Data to use |
-- -- --

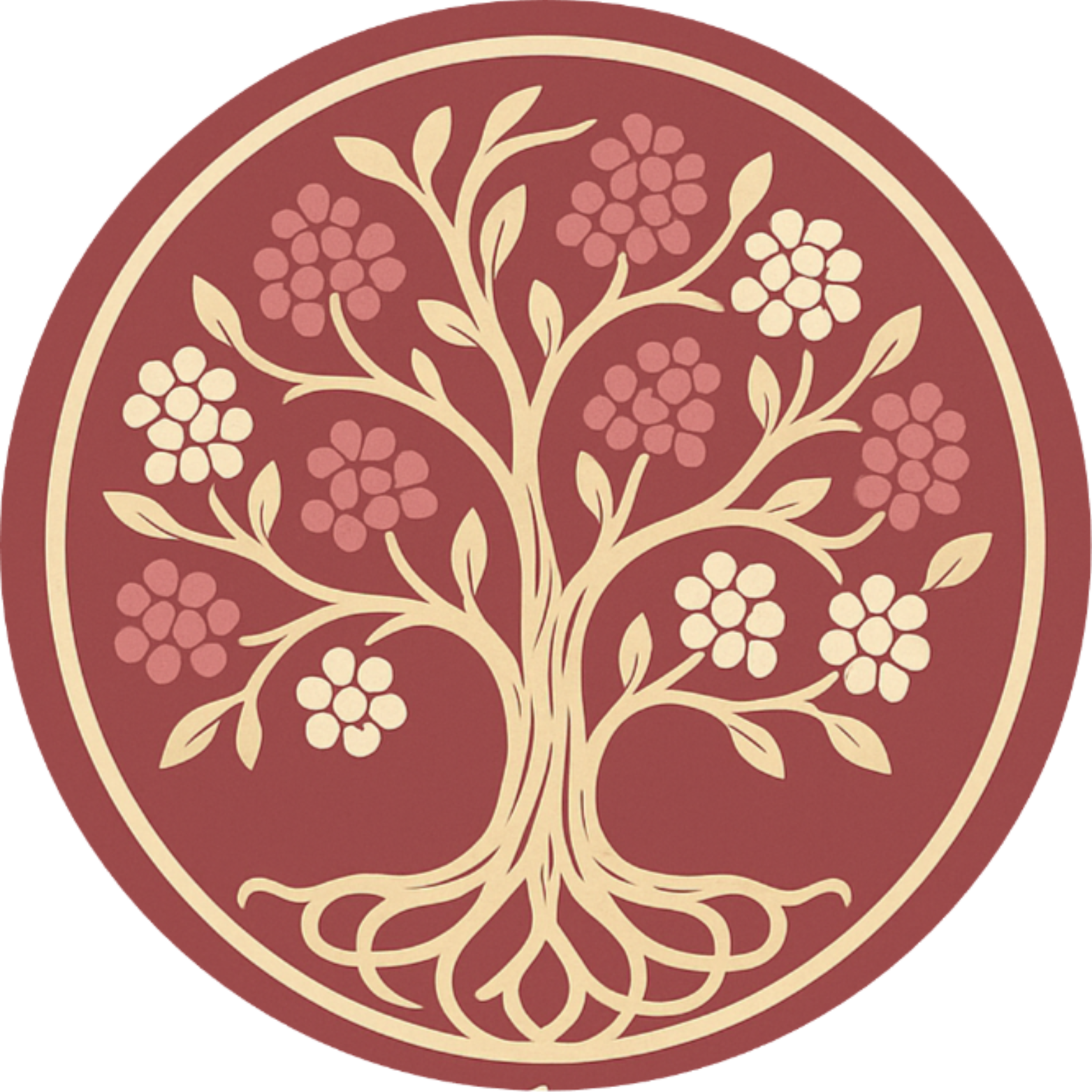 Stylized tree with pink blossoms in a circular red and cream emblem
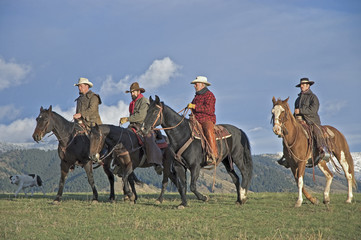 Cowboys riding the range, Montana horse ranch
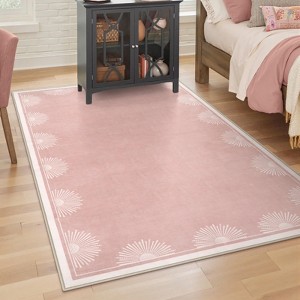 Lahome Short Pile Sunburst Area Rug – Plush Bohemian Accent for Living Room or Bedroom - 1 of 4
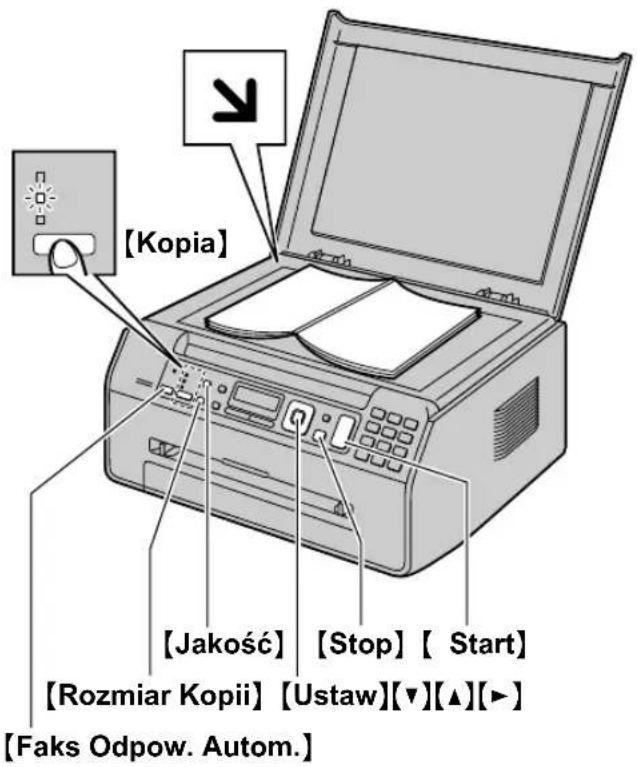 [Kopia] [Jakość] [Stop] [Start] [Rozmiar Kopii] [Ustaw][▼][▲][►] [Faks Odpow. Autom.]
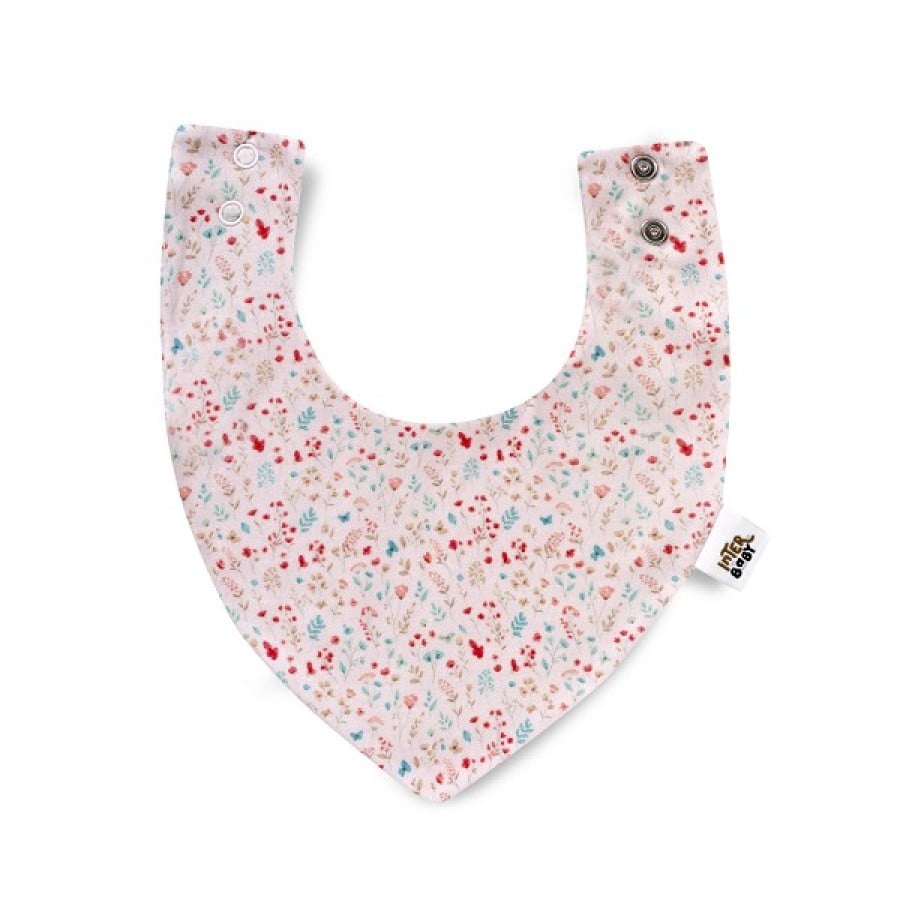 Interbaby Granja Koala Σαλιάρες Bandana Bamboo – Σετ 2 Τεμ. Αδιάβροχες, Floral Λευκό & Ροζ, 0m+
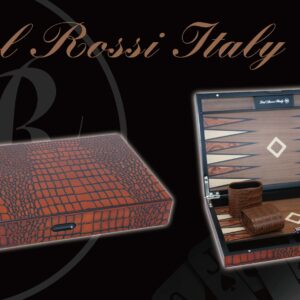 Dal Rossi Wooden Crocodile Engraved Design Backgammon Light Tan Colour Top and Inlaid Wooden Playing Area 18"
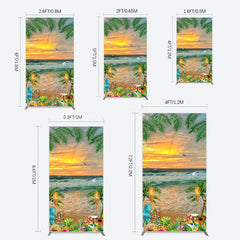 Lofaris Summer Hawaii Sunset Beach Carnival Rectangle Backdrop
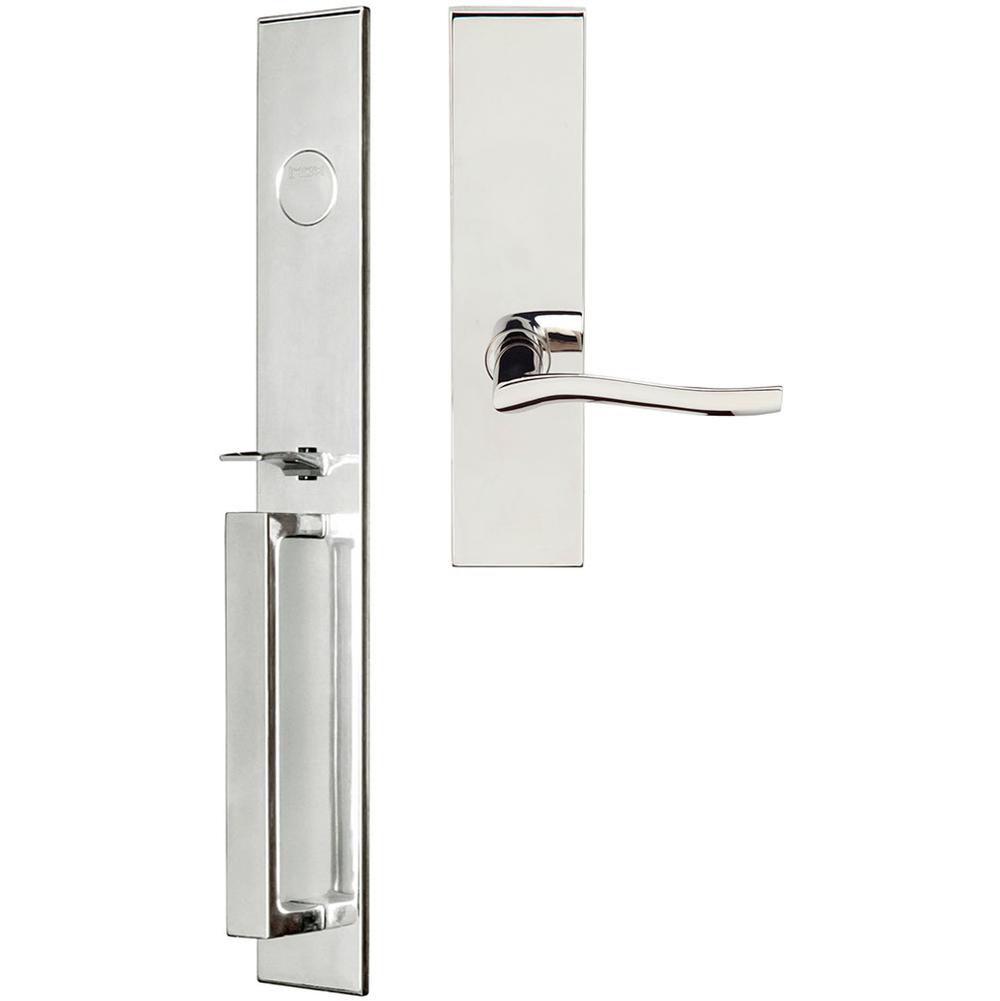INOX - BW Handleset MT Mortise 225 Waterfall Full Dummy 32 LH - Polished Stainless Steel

-- -- --

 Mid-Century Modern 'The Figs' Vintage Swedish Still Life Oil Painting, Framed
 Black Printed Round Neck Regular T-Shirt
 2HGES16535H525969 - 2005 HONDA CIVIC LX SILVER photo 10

-- -- --

Brief |
Look above for the line holding "Black Printed Round Neck Regular T-Shirt", then set down exactly that line and every line after it up to and including the line holding "2HGES16535H525969 - 2005", with nothing else.

Solution |
 Black Printed Round Neck Regular T-Shirt
 2HGES16535H525969 - 2005 HONDA CIVIC LX SILVER photo 10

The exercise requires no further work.